Similarly, the EncoderDecoderModel
framework of Transformers can be used to leverage initialize Encoder-Decoder models from “bert-base-cased” or “roberta-base” for summarization.
One can initialize such a model with weights from pre-trained checkpoints via:
from transformers import EncoderDecoderModel
bert2bert = EncoderDecoderModel.from_encoder_decoder_pretrained("bert-base-uncased", "bert-base-uncased")

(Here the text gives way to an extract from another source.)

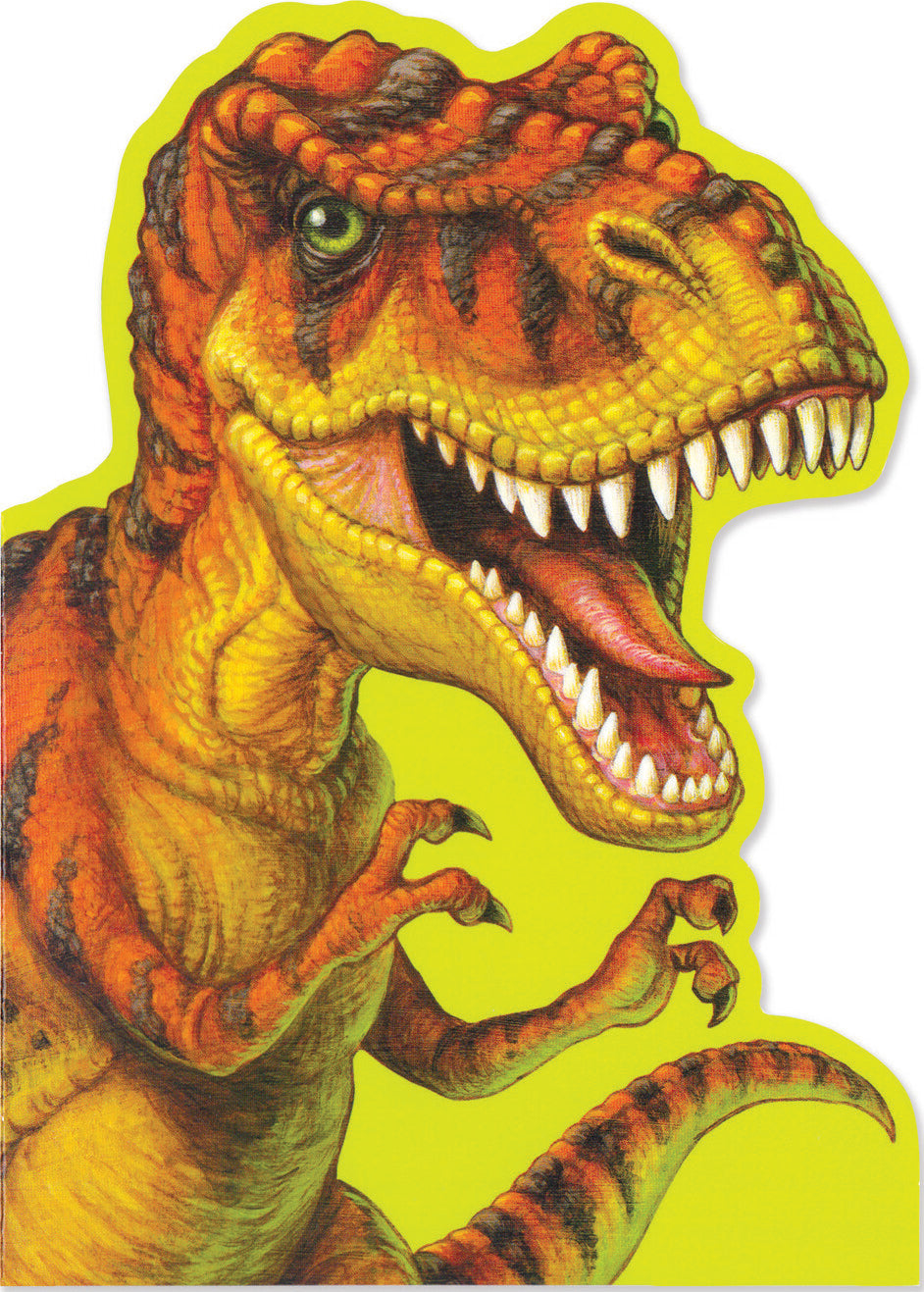 Ferocious T-Rex Die-Cut Card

A couple of models based on “bert-base-cased” or “roberta-base” have been trained this way for the CNN/Daily-Mail summarization task with the purpose of verifying that the EncoderDecoderModel
framework is functional.
Below the Rouge2 - fmeasure results on the test set of CNN/Daily-Mai:
Bert2GPT2: 15.19 https://huggingface.co/patrickvonplaten/bert2gpt2-cnn_dailymail-fp16
Bert2Bert: 16.1 - https://huggingface.co/patrickvonplaten/bert2bert-cnn_dailymail-fp16
Roberta2Roberta: 16.79: https://huggingface.co/patrickvonplaten/roberta2roberta-cnn_dailymail-fp16
Roberta2Roberta (shared): 16.59: https://huggingface.co/patrickvonplaten/roberta2roberta-share-cnn_dailymail-fp16
Note: The models below were trained without any hyper-parameter search and fp16 precision. For more detail, please refer to the respective model card.
UPDATE:
Better models using the Seq2Seq Trainer and code on the current master give the following results:
BERT2BERT on CNN/Dailymail: 18.22 - https://huggingface.co/patrickvonplaten/bert2bert_cnn_daily_mail
Roberta2Roberta (shared) on BBC/XSum: 16.89 - https://huggingface.co/patrickvonplaten/roberta_shared_bbc_xsum
Also two notebooks are attached to the model cards showing how Encoder-Decoder models can be trained using master.